77. Le fils de Kuru, le Kauravya Nakula, fit de son fils

qui faisait croître sa gloire l’homonyme du sage de sang royal Śatānīka [11].

78. Puis, sous l’astérisme dont le Dieu est Agni, la Noiraude enfanta

de Sahadeva un fils qu’on connaît, à cause de cela, sous le nom de Śrutasena [12].

79. Les glorieux fils de Draupadī naquirent, ô roi des rois,

à une année de distance, dans une affection mutuelle.

80. Dhaumya, selon les règles, accomplit pour eux successivement,

les rites de naissance, la tonsure et l’investiture du cordon sacré [13], ô le meilleur des Bhārata.

81. Puis, après avoir étudié le Veda, les jeunes gens, qui suivaient scrupuleusement les règles,

reçurent d’Arjuna tout l’art de l’archerie, divine et humaine.

82. Tandis que, semblables à des rejetons de Dieux, leurs fils à la poitrine large et à la grande force

les suivaient, les Pāṇḍava, ces tigres parmi les hommes, ressentaient de la joie.

 

 

 



[1] Vasudeva, le père de Kṛṣṇa.

[2] Oncle paternel et ami de Kṛṣṇa.

[3] Pradyumna et Sāmba  sont fils de Kṛṣṇa.

[4] Indra.

[5] Kṛṣṇa.

[6] Sans crainte (abhī) et fougueux (manyumat).

[7] Indra.

[8] Étymologisation totalement intraduisible : Prativindhya sera chaque fois (prati) un Vindhya, une montagne (les monts Vindhya traversent la péninsule indienne d'Est en Ouest et séparant l'Inde du Sud (Deccan) de la plaine Indo-Gangétique)

[9] Étymologisation totalement intraduisible : jeu sur l’homonymie de suta qui signifie « fils » et « pressuré » ; de même le soma désigne à la fois un jus excitant (extrait par pressage et filtrage des tiges de la plante soma) et la Lune.

[10] Le Couronné désigne Arjuna (couronné par Indra) ; Śrutakarman signifie « aux exploits (karman) célèbres (śruta) ».

[11] Śatānīka signifie « à l'armée de cent braves ».

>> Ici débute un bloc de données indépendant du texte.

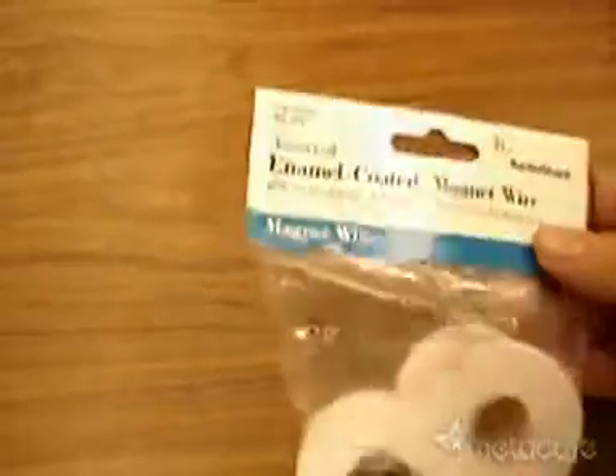For this we need wire — enamel coated spools of wire from Radio Shack — magnets, large ceramic block magnets, a specialized light bulb, and a nail. And cardboard.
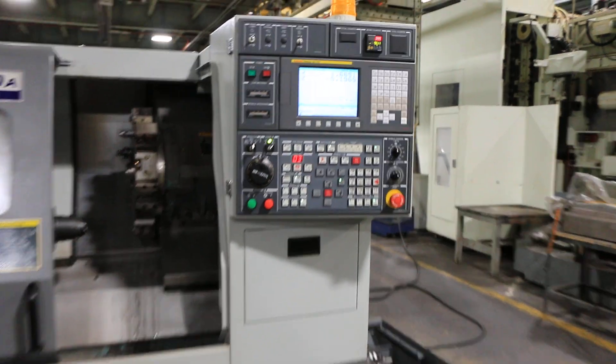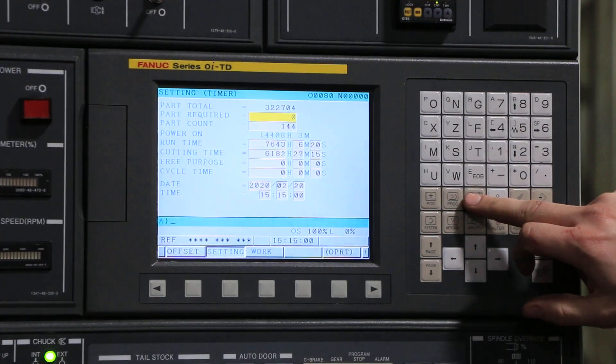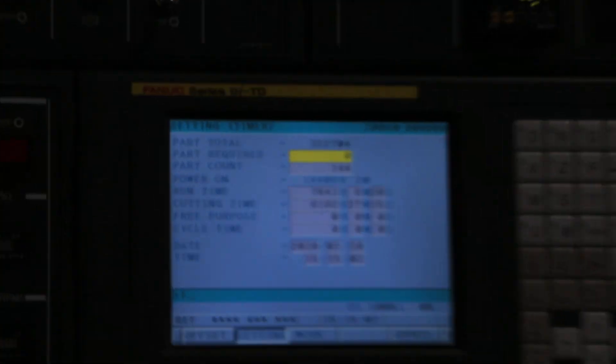Can you pull up the hours? There we go — 6,182 cut hours.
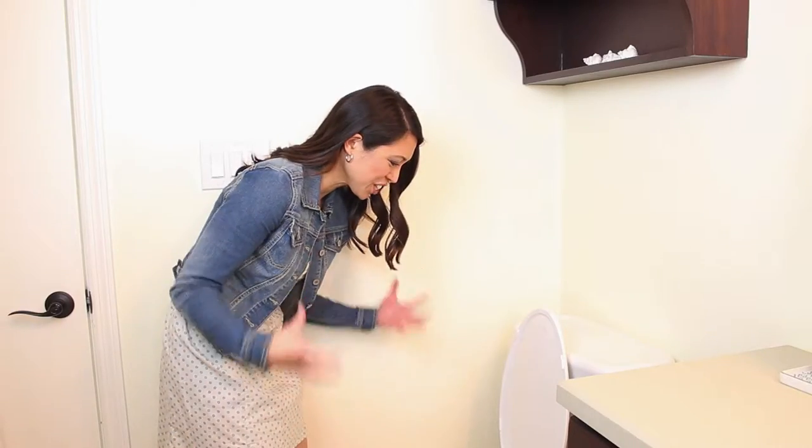Let me just set up a situation. Let's say that someone — not me — is at their in-laws' house and they take a fairly big number two, and they try to flush but it doesn't go down, and they flush again and it's still not going down. Now the toilet bowl is rising. What do you do without raising any red flags or letting them know? How can you fix it yourself?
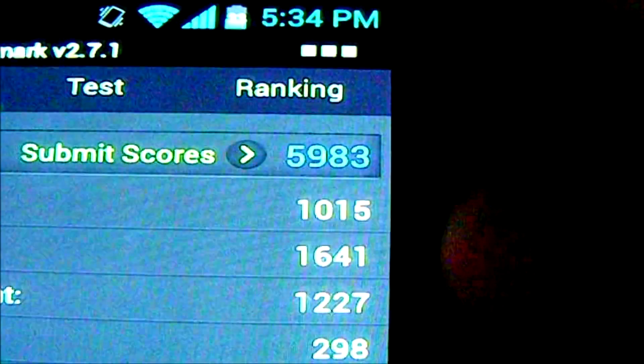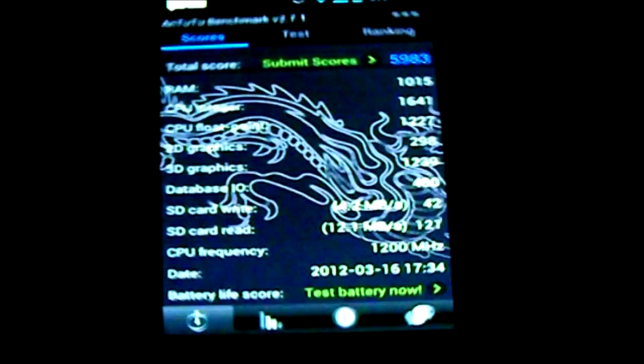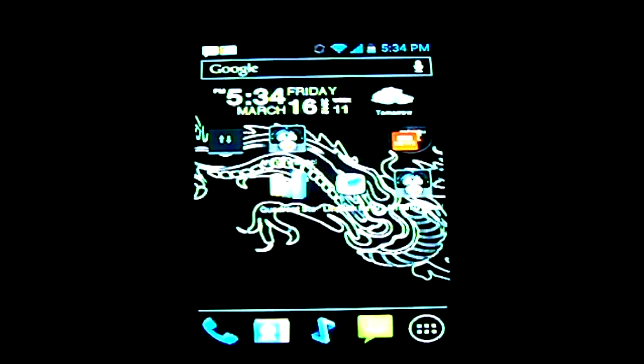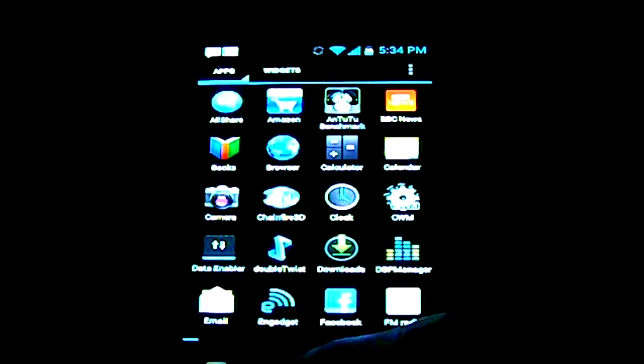As you can see, pretty high score on AnTuTu benchmarking. It is stock 1.2GHz dual core — it is a stock Ice Cream Sandwich ROM and it's been updated for Galaxy S2. It's just running Nova Launcher, which is a free app in the Android market, so it shouldn't affect the scores.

[12] Les Kṛttikās  (les six Pléiades) forment avec Arundhatī les épouses des sept sages ; elles furent les nourrices de Kārttikeya-Skanda, commandeur en chef de l’armée des Dieux, puis furent fixées au ciel comme constellation ; le premier astérisme lunaire les symbolisant correspond aux six étoiles des Pléiades, et Agni y préside. Śrutasena signifie « célèbre par son armée »

[13] cordon sacré des deux-fois-nés  : formé de six brins de coton pour les brahmanes, il est porté en diagonale entre l'épaule gauche et le flanc droit ; son nœud contient Brahmā.